-- ENTRIES PROVIDED follows --

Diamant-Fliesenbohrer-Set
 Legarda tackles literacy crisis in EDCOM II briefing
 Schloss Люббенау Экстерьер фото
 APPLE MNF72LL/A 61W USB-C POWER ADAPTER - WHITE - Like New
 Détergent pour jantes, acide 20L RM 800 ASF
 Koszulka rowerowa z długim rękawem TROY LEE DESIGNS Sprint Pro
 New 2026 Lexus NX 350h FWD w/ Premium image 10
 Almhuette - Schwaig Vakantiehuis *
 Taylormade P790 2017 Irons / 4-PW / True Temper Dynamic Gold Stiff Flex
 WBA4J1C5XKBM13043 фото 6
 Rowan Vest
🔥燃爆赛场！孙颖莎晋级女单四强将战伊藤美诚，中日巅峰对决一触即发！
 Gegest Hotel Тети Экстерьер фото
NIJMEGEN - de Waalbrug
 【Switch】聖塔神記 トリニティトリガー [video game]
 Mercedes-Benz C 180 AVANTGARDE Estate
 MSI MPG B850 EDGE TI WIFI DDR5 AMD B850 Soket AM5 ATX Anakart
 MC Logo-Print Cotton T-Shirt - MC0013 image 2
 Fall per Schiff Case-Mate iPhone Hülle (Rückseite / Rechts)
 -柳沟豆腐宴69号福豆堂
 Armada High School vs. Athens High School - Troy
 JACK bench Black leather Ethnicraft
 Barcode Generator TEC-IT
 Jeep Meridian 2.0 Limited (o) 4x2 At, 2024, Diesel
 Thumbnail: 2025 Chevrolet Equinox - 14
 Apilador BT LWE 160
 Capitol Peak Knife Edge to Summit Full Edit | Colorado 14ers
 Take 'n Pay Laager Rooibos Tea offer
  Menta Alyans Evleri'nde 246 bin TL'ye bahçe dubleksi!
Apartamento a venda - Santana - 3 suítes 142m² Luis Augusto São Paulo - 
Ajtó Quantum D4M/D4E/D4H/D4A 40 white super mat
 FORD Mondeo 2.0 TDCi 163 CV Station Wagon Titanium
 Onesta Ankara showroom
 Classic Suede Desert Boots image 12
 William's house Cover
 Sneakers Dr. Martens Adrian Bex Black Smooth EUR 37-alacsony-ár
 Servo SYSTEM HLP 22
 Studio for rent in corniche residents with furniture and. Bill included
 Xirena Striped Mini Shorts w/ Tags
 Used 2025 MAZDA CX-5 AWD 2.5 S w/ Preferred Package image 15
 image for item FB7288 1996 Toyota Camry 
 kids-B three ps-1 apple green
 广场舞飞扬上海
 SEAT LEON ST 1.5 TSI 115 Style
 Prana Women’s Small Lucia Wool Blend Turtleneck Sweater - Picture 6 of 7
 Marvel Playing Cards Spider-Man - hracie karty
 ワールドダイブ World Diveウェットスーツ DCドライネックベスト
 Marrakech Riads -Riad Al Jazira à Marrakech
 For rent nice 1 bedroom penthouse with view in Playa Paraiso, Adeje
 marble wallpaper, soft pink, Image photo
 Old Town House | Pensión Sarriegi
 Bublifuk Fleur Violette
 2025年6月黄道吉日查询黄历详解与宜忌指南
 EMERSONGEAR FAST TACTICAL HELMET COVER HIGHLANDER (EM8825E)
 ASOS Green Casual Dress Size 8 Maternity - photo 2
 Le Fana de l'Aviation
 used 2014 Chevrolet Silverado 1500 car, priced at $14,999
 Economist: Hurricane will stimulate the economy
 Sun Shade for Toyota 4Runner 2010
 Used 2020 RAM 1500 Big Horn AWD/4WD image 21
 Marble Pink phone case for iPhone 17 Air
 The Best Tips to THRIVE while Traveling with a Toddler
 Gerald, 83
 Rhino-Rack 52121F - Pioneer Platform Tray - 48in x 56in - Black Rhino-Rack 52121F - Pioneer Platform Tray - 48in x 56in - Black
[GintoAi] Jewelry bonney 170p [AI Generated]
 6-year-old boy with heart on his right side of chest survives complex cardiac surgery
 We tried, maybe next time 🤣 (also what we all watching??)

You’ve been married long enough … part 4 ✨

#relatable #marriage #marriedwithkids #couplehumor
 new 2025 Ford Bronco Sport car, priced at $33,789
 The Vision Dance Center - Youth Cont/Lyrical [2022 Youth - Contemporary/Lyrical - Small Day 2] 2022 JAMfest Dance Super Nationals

-- ENTRIES PROVIDED concluded --

- _ASSIGNMENT_
The records above should be restated word for word in their entirety.

- _ANSWER AREA_
Diamant-Fliesenbohrer-Set
 Legarda tackles literacy crisis in EDCOM II briefing
 Schloss Люббенау Экстерьер фото
 APPLE MNF72LL/A 61W USB-C POWER ADAPTER - WHITE - Like New
 Détergent pour jantes, acide 20L RM 800 ASF
 Koszulka rowerowa z długim rękawem TROY LEE DESIGNS Sprint Pro
 New 2026 Lexus NX 350h FWD w/ Premium image 10
 Almhuette - Schwaig Vakantiehuis *
 Taylormade P790 2017 Irons / 4-PW / True Temper Dynamic Gold Stiff Flex
 WBA4J1C5XKBM13043 фото 6
 Rowan Vest
🔥燃爆赛场！孙颖莎晋级女单四强将战伊藤美诚，中日巅峰对决一触即发！
 Gegest Hotel Тети Экстерьер фото
NIJMEGEN - de Waalbrug
 【Switch】聖塔神記 トリニティトリガー [video game]
 Mercedes-Benz C 180 AVANTGARDE Estate
 MSI MPG B850 EDGE TI WIFI DDR5 AMD B850 Soket AM5 ATX Anakart
 MC Logo-Print Cotton T-Shirt - MC0013 image 2
 Fall per Schiff Case-Mate iPhone Hülle (Rückseite / Rechts)
 -柳沟豆腐宴69号福豆堂
 Armada High School vs. Athens High School - Troy
 JACK bench Black leather Ethnicraft
 Barcode Generator TEC-IT
 Jeep Meridian 2.0 Limited (o) 4x2 At, 2024, Diesel
 Thumbnail: 2025 Chevrolet Equinox - 14
 Apilador BT LWE 160
 Capitol Peak Knife Edge to Summit Full Edit | Colorado 14ers
 Take 'n Pay Laager Rooibos Tea offer
  Menta Alyans Evleri'nde 246 bin TL'ye bahçe dubleksi!
Apartamento a venda - Santana - 3 suítes 142m² Luis Augusto São Paulo - 
Ajtó Quantum D4M/D4E/D4H/D4A 40 white super mat
 FORD Mondeo 2.0 TDCi 163 CV Station Wagon Titanium
 Onesta Ankara showroom
 Classic Suede Desert Boots image 12
 William's house Cover
 Sneakers Dr. Martens Adrian Bex Black Smooth EUR 37-alacsony-ár
 Servo SYSTEM HLP 22
 Studio for rent in corniche residents with furniture and. Bill included
 Xirena Striped Mini Shorts w/ Tags
 Used 2025 MAZDA CX-5 AWD 2.5 S w/ Preferred Package image 15
 image for item FB7288 1996 Toyota Camry 
 kids-B three ps-1 apple green
 广场舞飞扬上海
 SEAT LEON ST 1.5 TSI 115 Style
 Prana Women’s Small Lucia Wool Blend Turtleneck Sweater - Picture 6 of 7
 Marvel Playing Cards Spider-Man - hracie karty
 ワールドダイブ World Diveウェットスーツ DCドライネックベスト
 Marrakech Riads -Riad Al Jazira à Marrakech
 For rent nice 1 bedroom penthouse with view in Playa Paraiso, Adeje
 marble wallpaper, soft pink, Image photo
 Old Town House | Pensión Sarriegi
 Bublifuk Fleur Violette
 2025年6月黄道吉日查询黄历详解与宜忌指南
 EMERSONGEAR FAST TACTICAL HELMET COVER HIGHLANDER (EM8825E)
 ASOS Green Casual Dress Size 8 Maternity - photo 2
 Le Fana de l'Aviation
 used 2014 Chevrolet Silverado 1500 car, priced at $14,999
 Economist: Hurricane will stimulate the economy
 Sun Shade for Toyota 4Runner 2010
 Used 2020 RAM 1500 Big Horn AWD/4WD image 21
 Marble Pink phone case for iPhone 17 Air
 The Best Tips to THRIVE while Traveling with a Toddler
 Gerald, 83
 Rhino-Rack 52121F - Pioneer Platform Tray - 48in x 56in - Black Rhino-Rack 52121F - Pioneer Platform Tray - 48in x 56in - Black
[GintoAi] Jewelry bonney 170p [AI Generated]
 6-year-old boy with heart on his right side of chest survives complex cardiac surgery
 We tried, maybe next time 🤣 (also what we all watching??)

You’ve been married long enough … part 4 ✨

#relatable #marriage #marriedwithkids #couplehumor
 new 2025 Ford Bronco Sport car, priced at $33,789
 The Vision Dance Center - Youth Cont/Lyrical [2022 Youth - Contemporary/Lyrical - Small Day 2] 2022 JAMfest Dance Super Nationals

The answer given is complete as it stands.